As the real public data sets hide DOB or SSN information, those data sets are not much useful for the research on record linkage. We realized the need of “Synthetic data generation” which will help us add realistic attributes in the available public data sets. This will help graduate students to continue working on record linkage and data visualization problems without compromising the privacy while maintaining the accuracy and complexity of the problem. However, synthetic data generation can also be as complex as the record linkage problem because of the characteristics of real data such as missing data, erroneous data, changing data.

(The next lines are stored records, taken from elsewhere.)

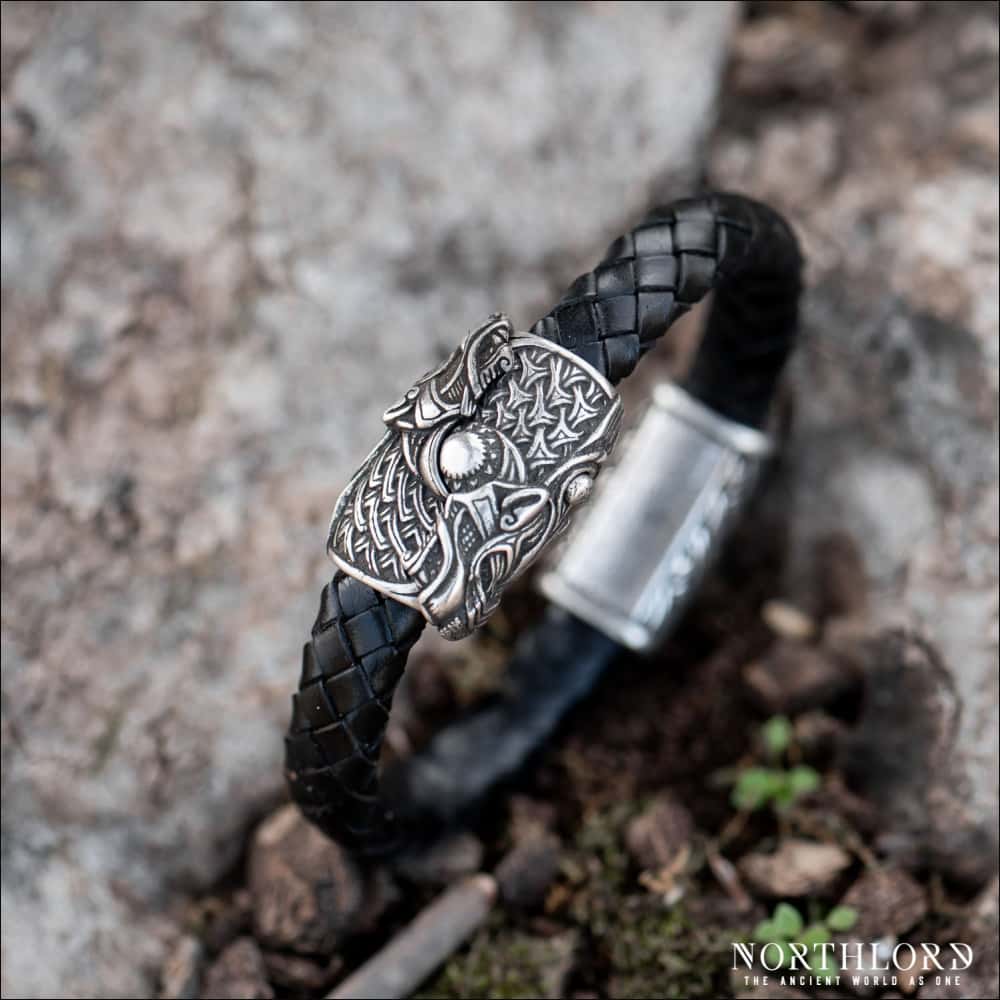 Viking Bracelet With Skoll and Hati Silvered Bronze - Northlord-PK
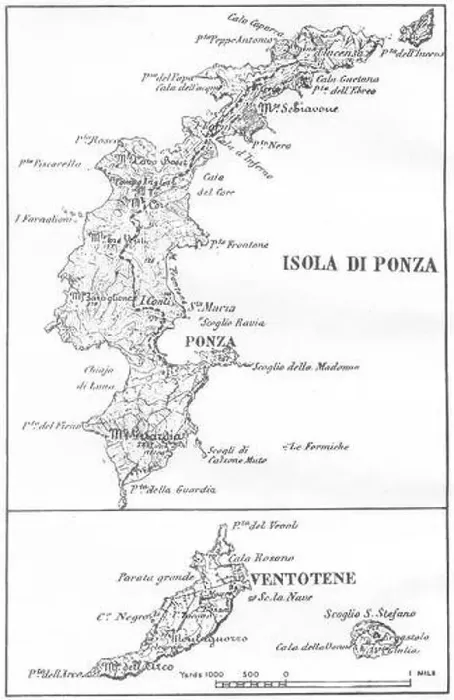 Framed Print : ITALY: Ponza & Ventotene, 1945 vintage map Framed Print : ITALY: Ponza & Ventotene, 1945 vintage map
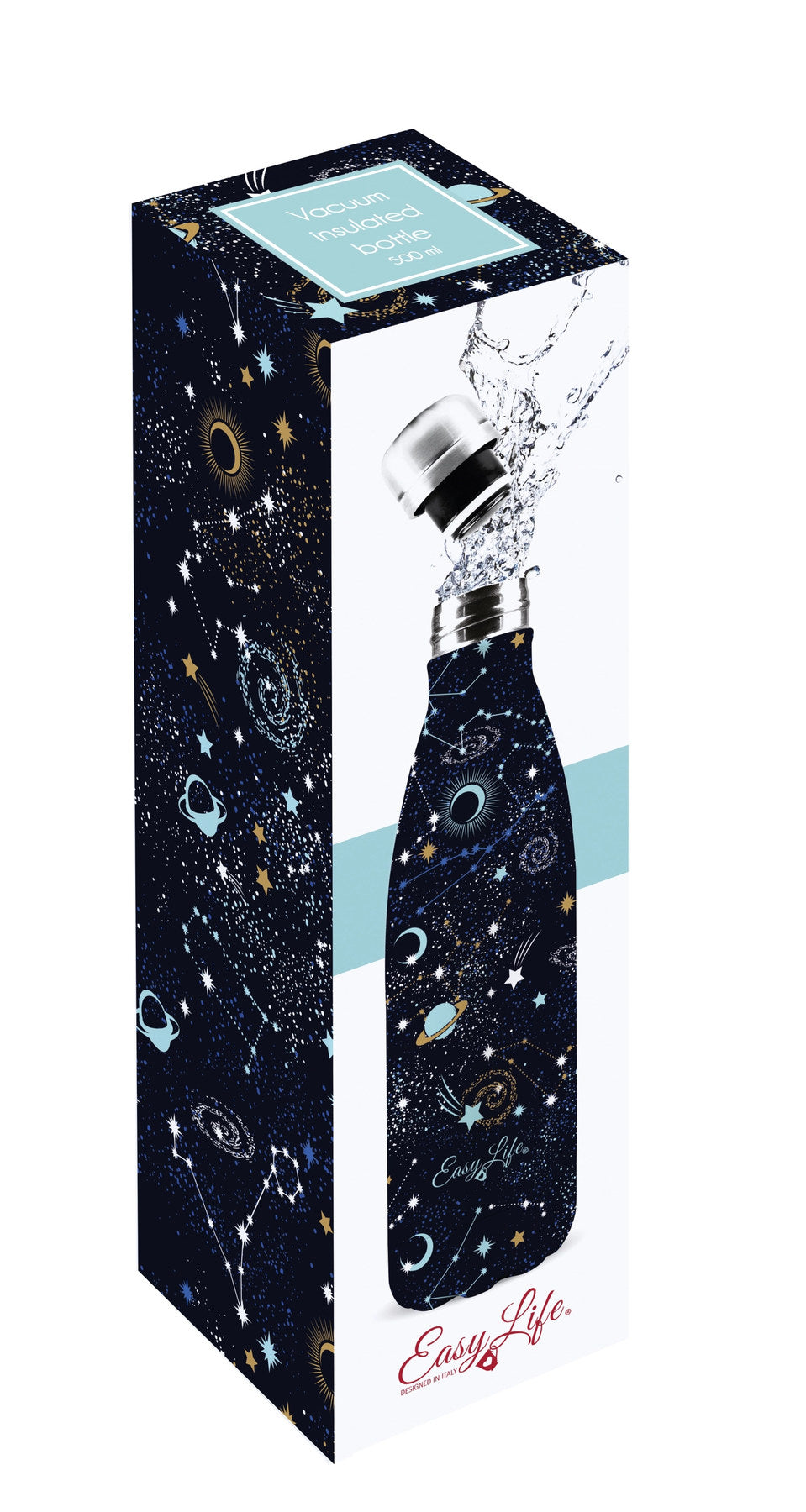 Schwarze Kanne Sternentor von Easy Life, eine Isolierflasche aus Edelstahl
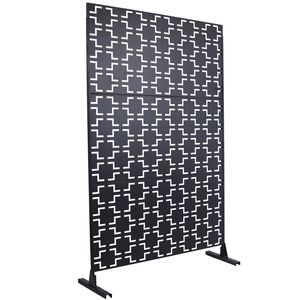 76\" H by 48\" W Indoor/Outdoor Freestanding Metal Privacy <b>Screen</b> <b>Decorative</b> Divider for Deck Balcony for Privacy Outdoor Living - Product Image 4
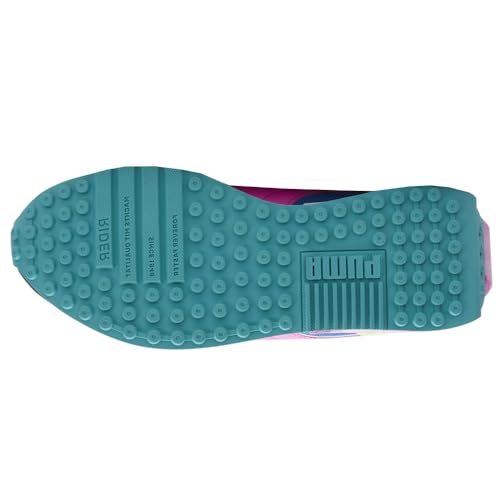 PUMA Women's City Rider Marble Sneaker, Green/Black/Luminous Pink, 7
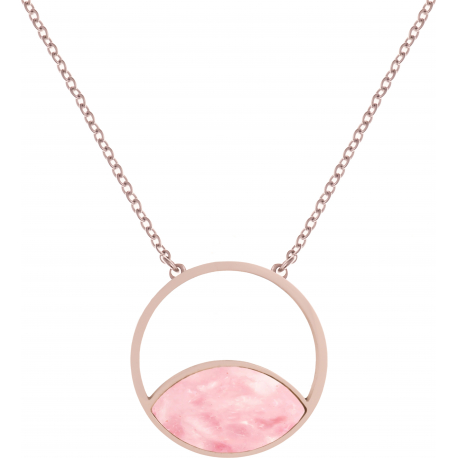 Collier acier rosé - quartz rose - 40+5cm
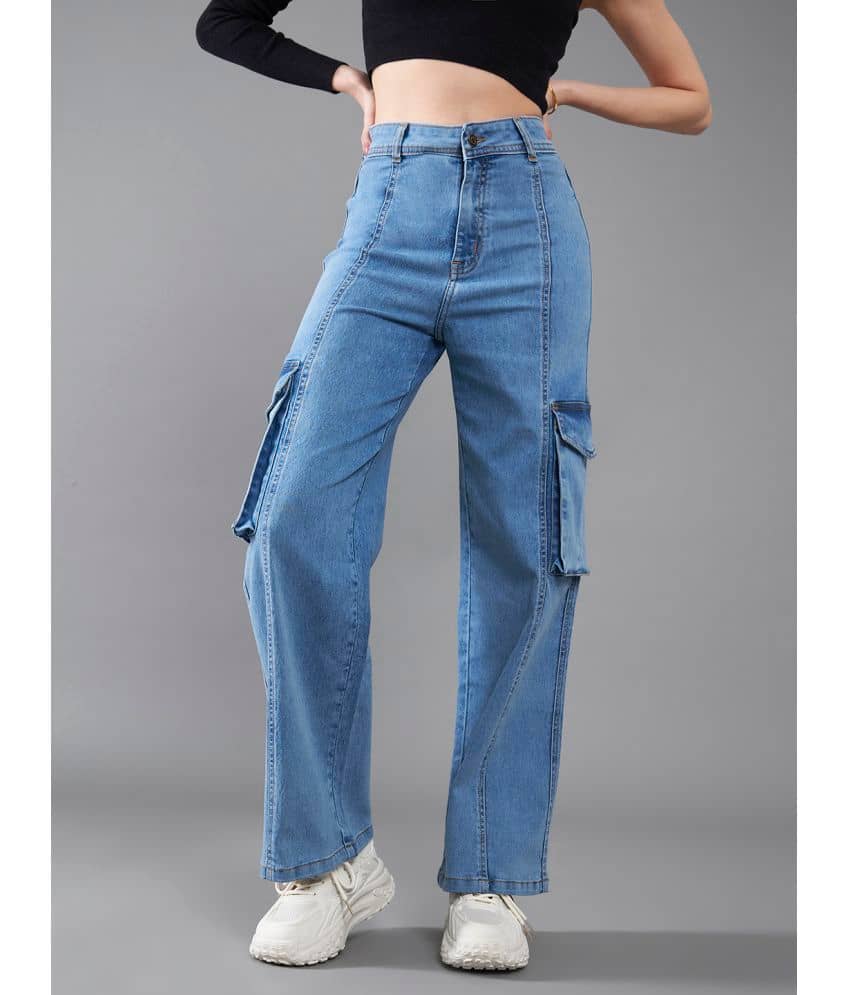 Dolce Crudo - Blue Denim Wide Leg Women's Jeans ( Pack of 1 ) - Jeans | Buy online on ZillyBuy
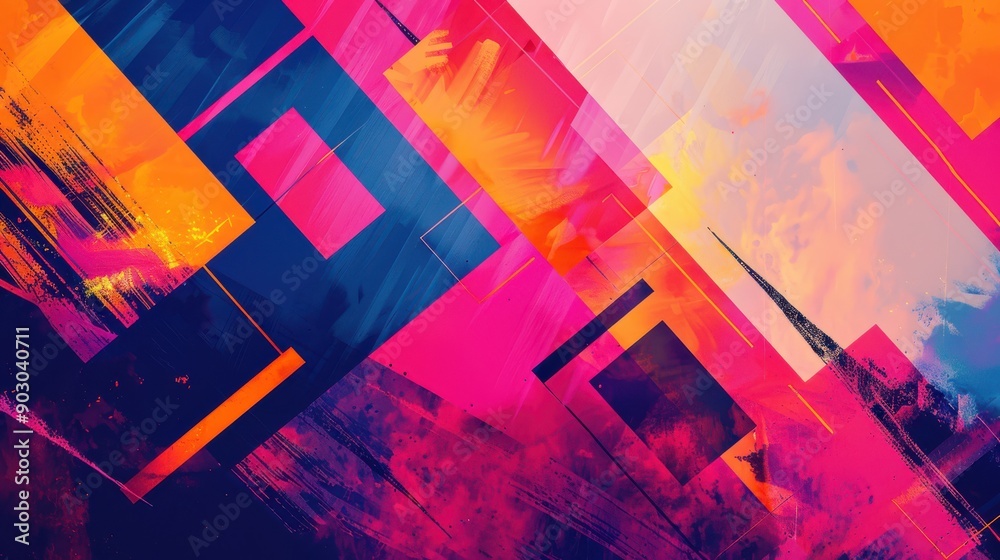 Poster a dynamic desktop background with abstract geometric shapes and vibrant colors, adding a touch of cr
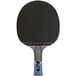 A black Stiga table tennis racket with a blue and white striped handle.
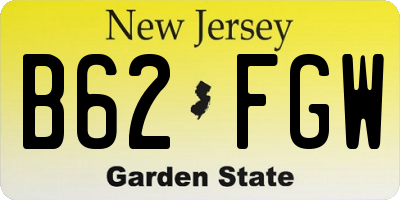 NJ license plate B62FGW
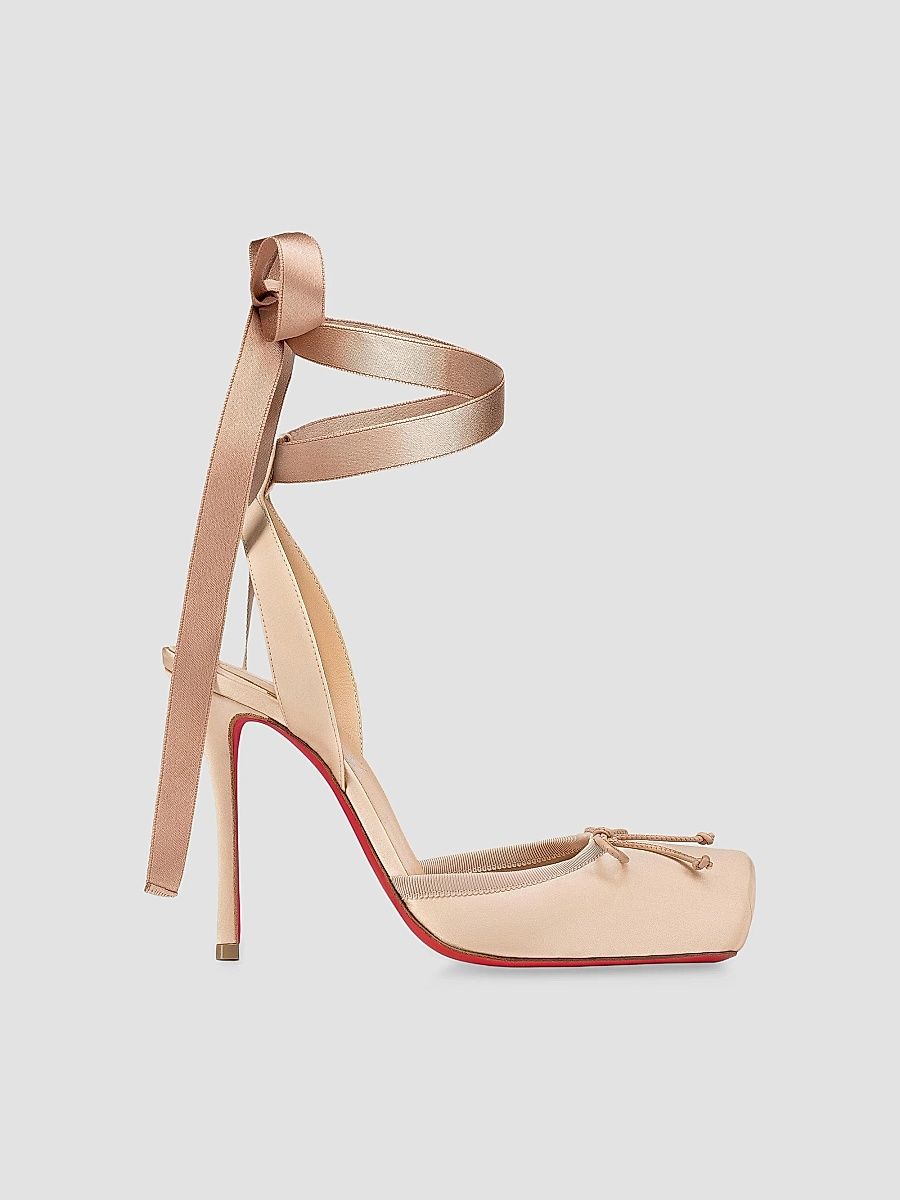 Christian Louboutin Women's Cassia Lace Up 100MM Satin Pumps - Loubi - Size 5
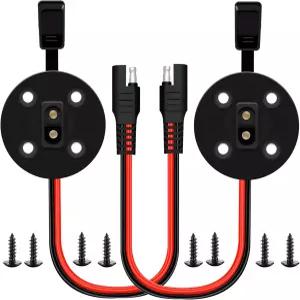 12AWG SAE 태양광 전원 소켓 측면 포트 2팩 방수 퀵 커넥트 패널 커넥터 발전기 오토바이 등용 암-수 연장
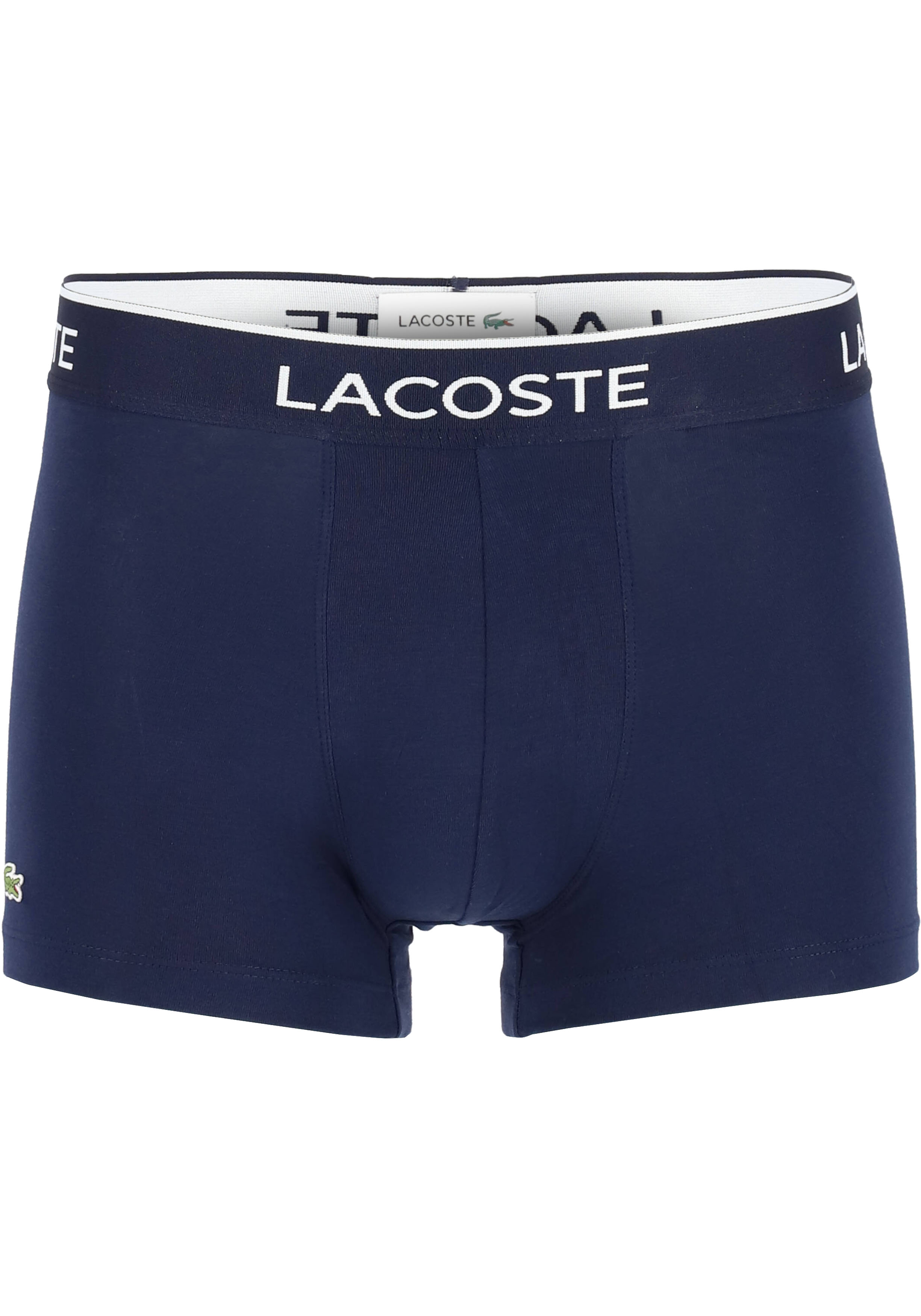 Lacoste Boxer Trunks (3-pack), heren boxers kort, blauw met gekleurde tailleband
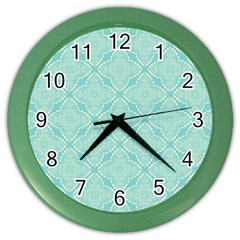 Light Blue Lattice Pattern Color Wall Clocks by TanyaDraws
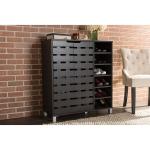 Aldrich Black Slatted Shoe Storage Cabinet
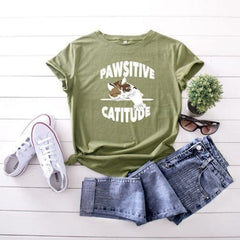 Pawsitive Catitude Graphic T-Shirt Buddhatrends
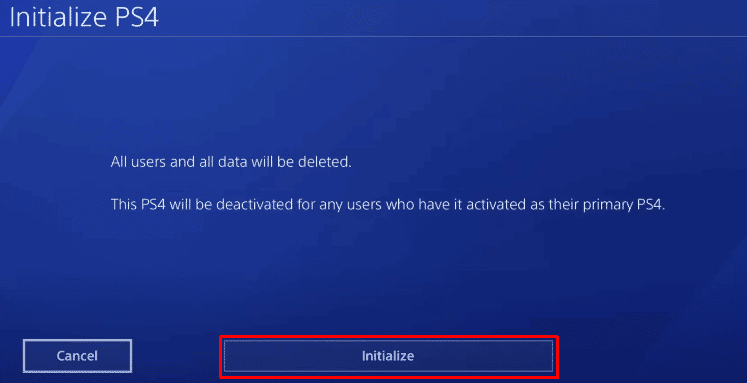 haga clic en la opción Inicializar. Arreglar el código de error de PS4 WS 37431 8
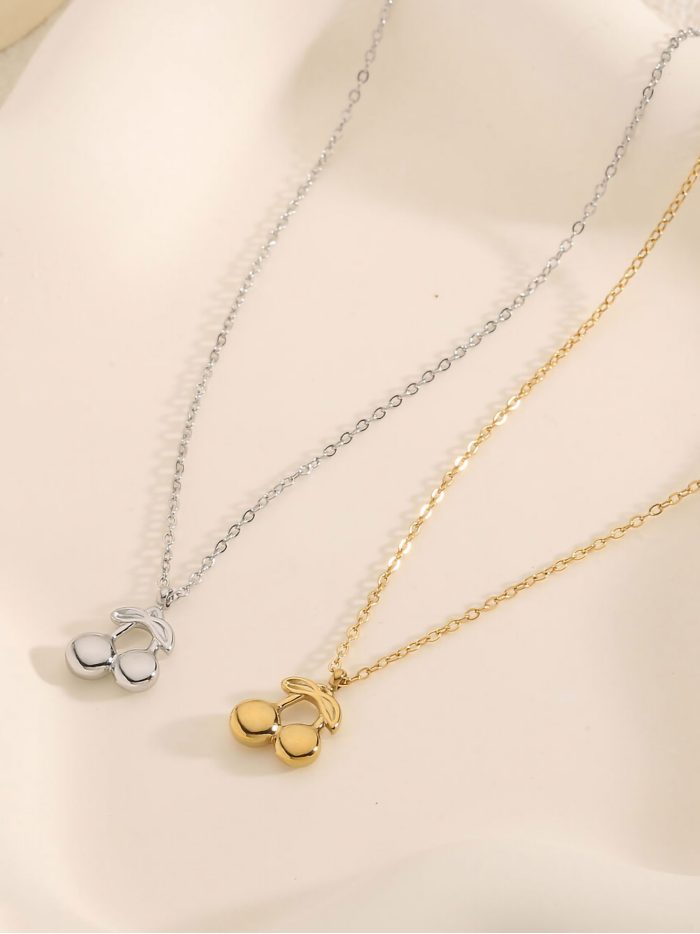 Colar pendente cerejas - Aço inoxidável.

To simulate the real world data, we started with the voters registration data of one of the large counties in the US. This public data obviously does not have DOB and SSN of voters, but it has the age of voters. Our goal is to be able to generate realistic data for DOBs of voters in this dataset. We did this in two steps:
1. Populate a DOB column:
1.1. As we have age of a voter in public data set, we used that age to get the year of birth.
Year of Birth (YYYY) = Current year (2012) – Age(XXX)
1.2 We extracted only DD and MM values from the DOB column of an existing real data set (which is far different from voter’s registration data set.) We randomly attached these DD and MM values to the YYYY generated in step 1.1.
2. Perturb DOB column to make it realistic:
2.1 Make some DOB values missing.
2.2 Introduce substitution errors by replacing some digits in DOB by other digits.
2.3 Introduce transposition errors.
We need to investigate and do more research on following:
1. Try to figure out various data error patterns for DOB in real world data.
2. The average approximate percentage of different data errors such as missing data, transposed data.
3. Way to find out how closer the synthetic data model is to the real data.